[Opening Excerpted data section]

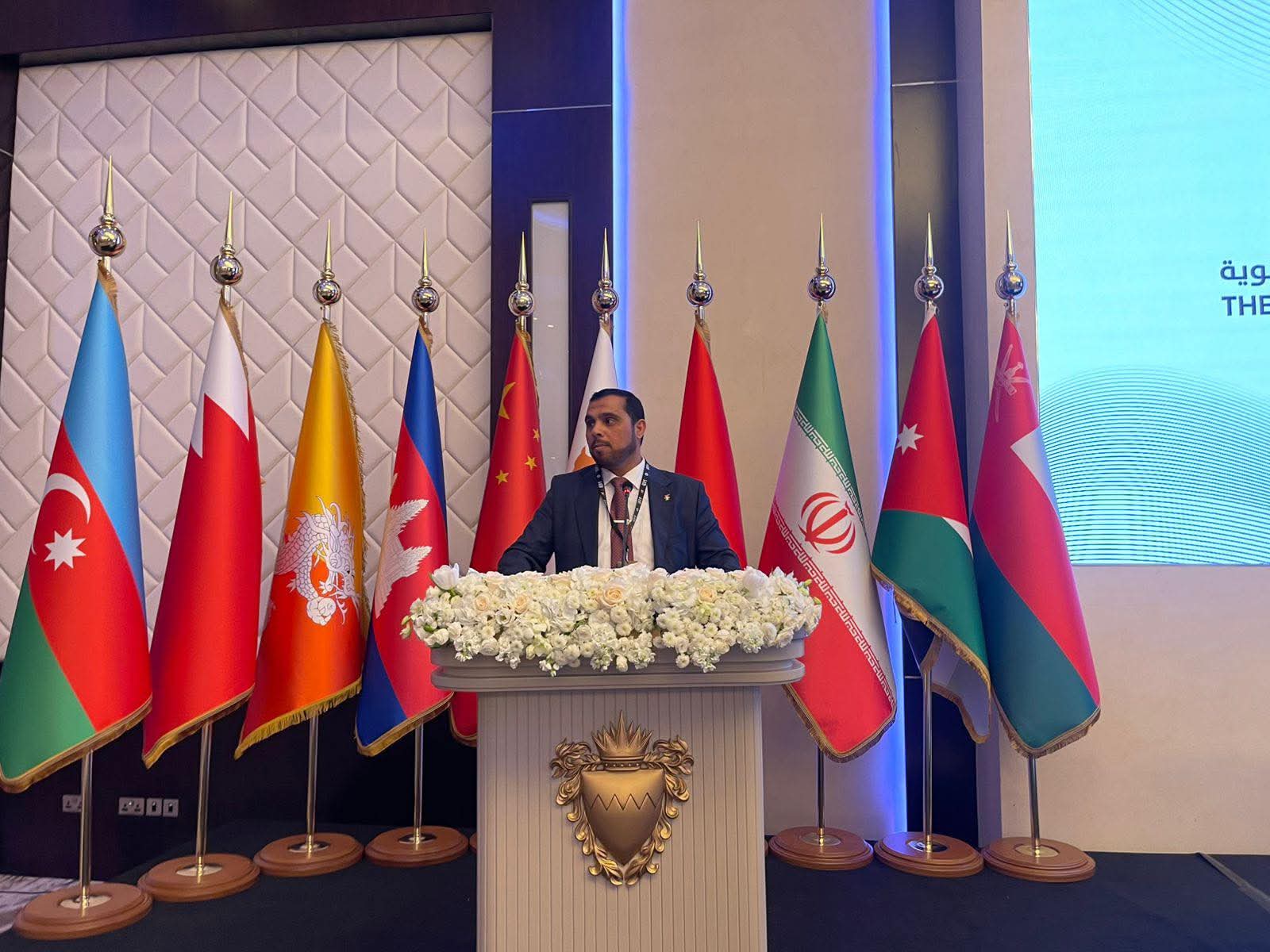 المشاقبة نائبا لرئيس الجمعية البرلمانية الآسيوية 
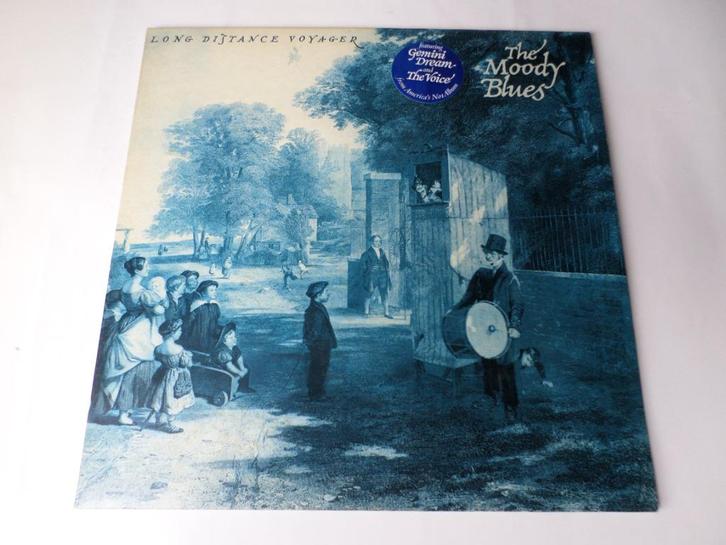 The Moody Blues - Long Distance Voyager LP, Cd's en Dvd's, Vinyl | Rock, Zo goed als nieuw, Poprock, 12 inch, Ophalen of Verzenden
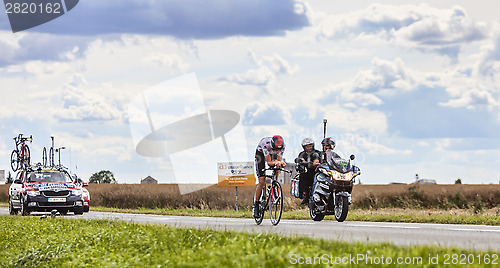 Image of The Cyclist Van Garderen Tejay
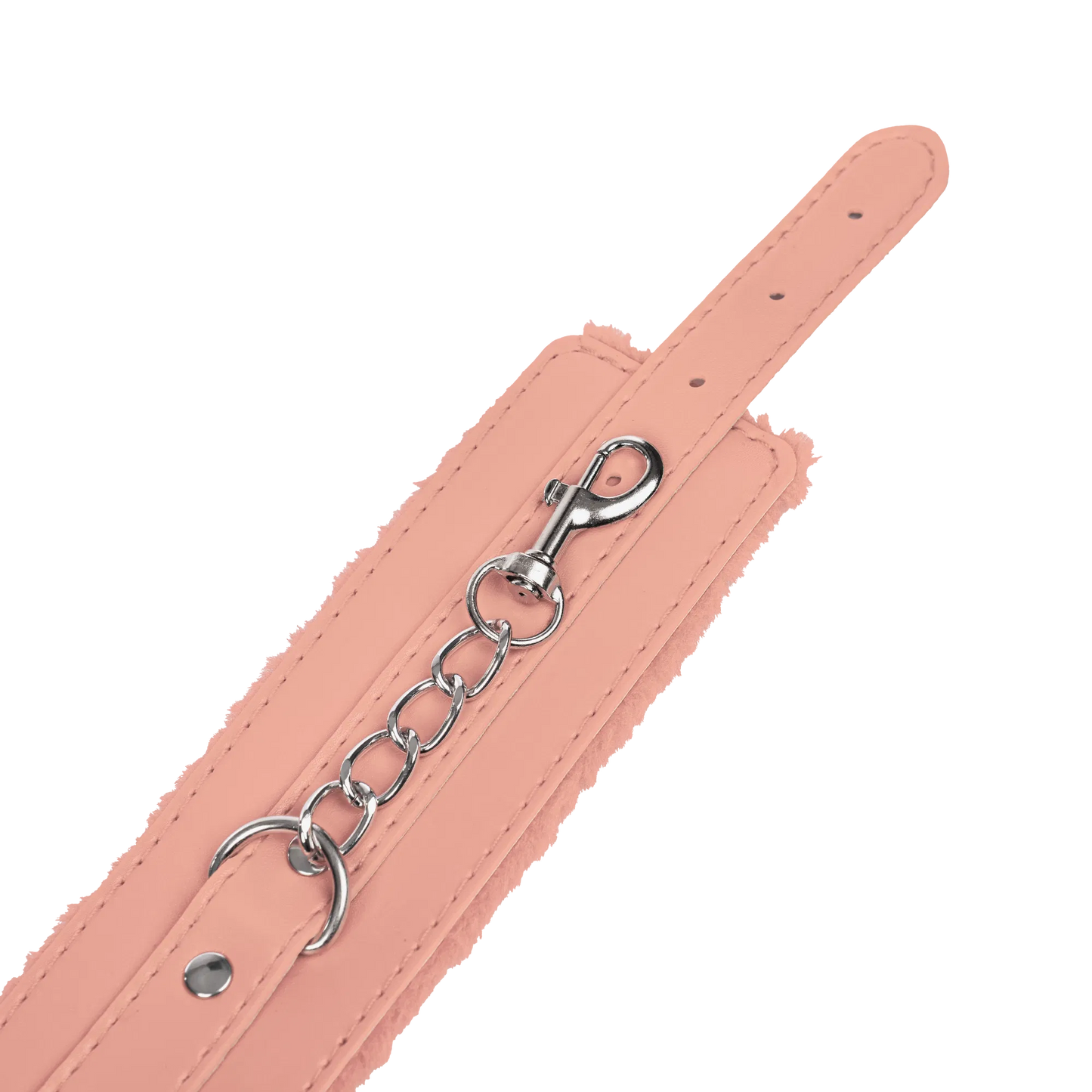 Menottes en Fourrure Roses - TieMeUp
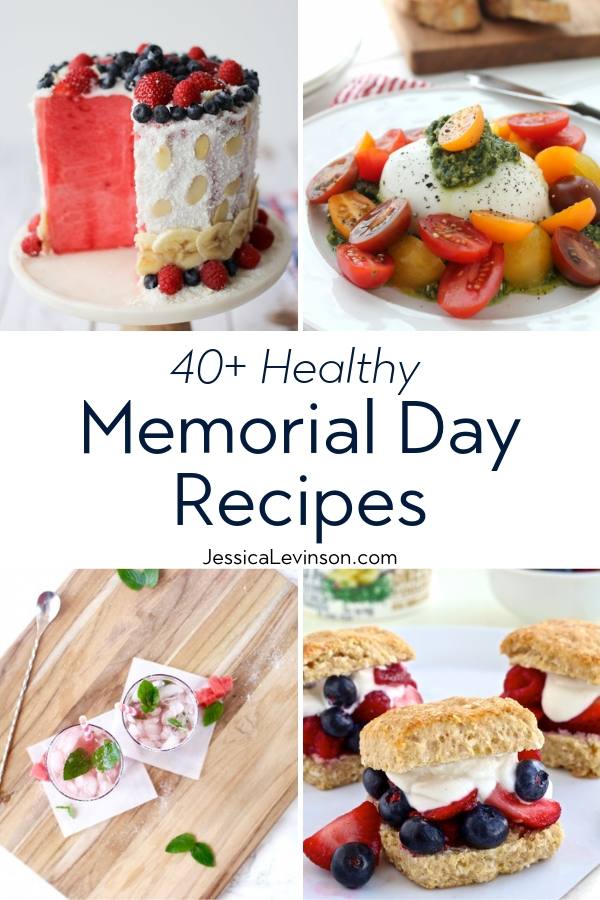 40+ Healthy Memorial Day Recipes to Add to Your Menu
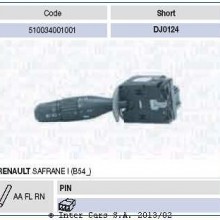 Prze��cznik zespolony pod kierownic� MAGNETI MARELLI 510034001001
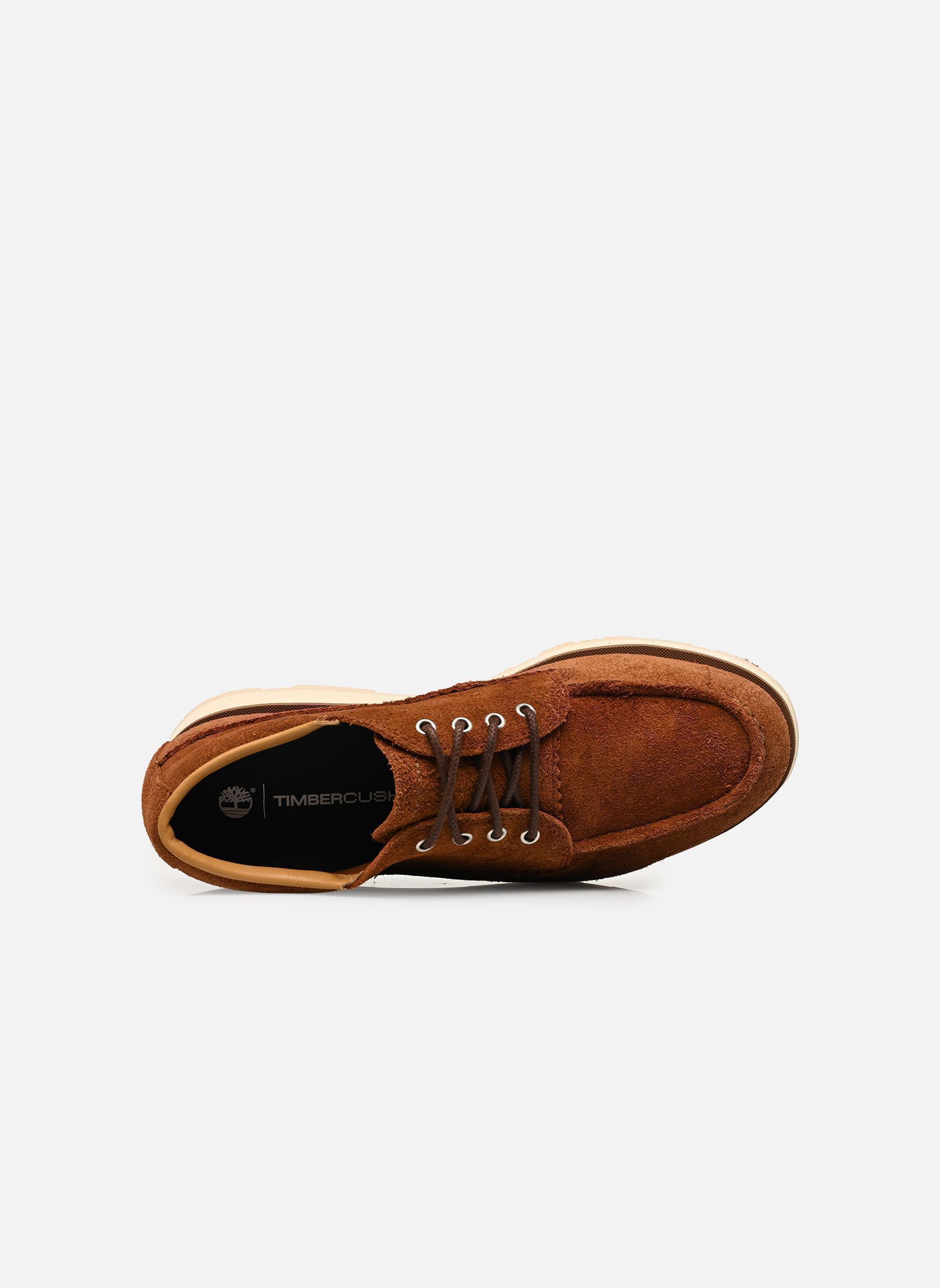 Derby schoenen BRITTON MILLS LACE UP heren bruin Timberland Derby schoenen BRITTON MILLS LACE UP heren bruin RUST SUEDE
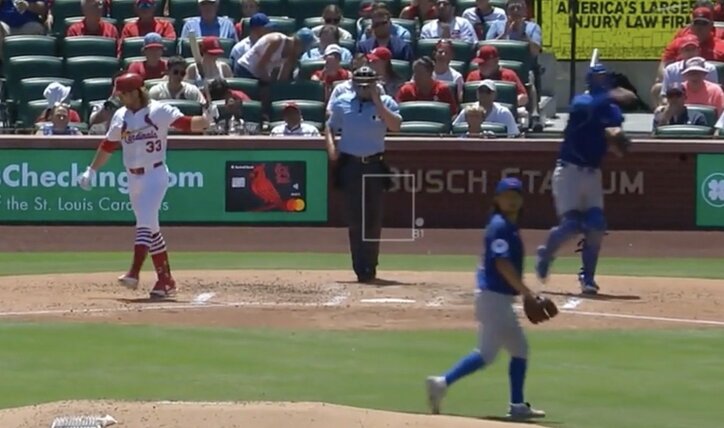 【写真・画像】打てるわけねえ！メジャーの新怪物に“打者ドン引き”「ヤバすぎる」「何者なん？w」 164キロ“火の玉ストレート”→完全に“振り遅れて”マン振り三振　1枚目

[Closing Excerpted data section]

= Task directions =
Write out again the lines from the one with "Derby schoenen BRITTON MILLS LACE UP heren bruin Timberland" through the end of the records exactly, without any of the pictures.

= Task output =
 Derby schoenen BRITTON MILLS LACE UP heren bruin Timberland Derby schoenen BRITTON MILLS LACE UP heren bruin RUST SUEDE
 【写真・画像】打てるわけねえ！メジャーの新怪物に“打者ドン引き”「ヤバすぎる」「何者なん？w」 164キロ“火の玉ストレート”→完全に“振り遅れて”マン振り三振　1枚目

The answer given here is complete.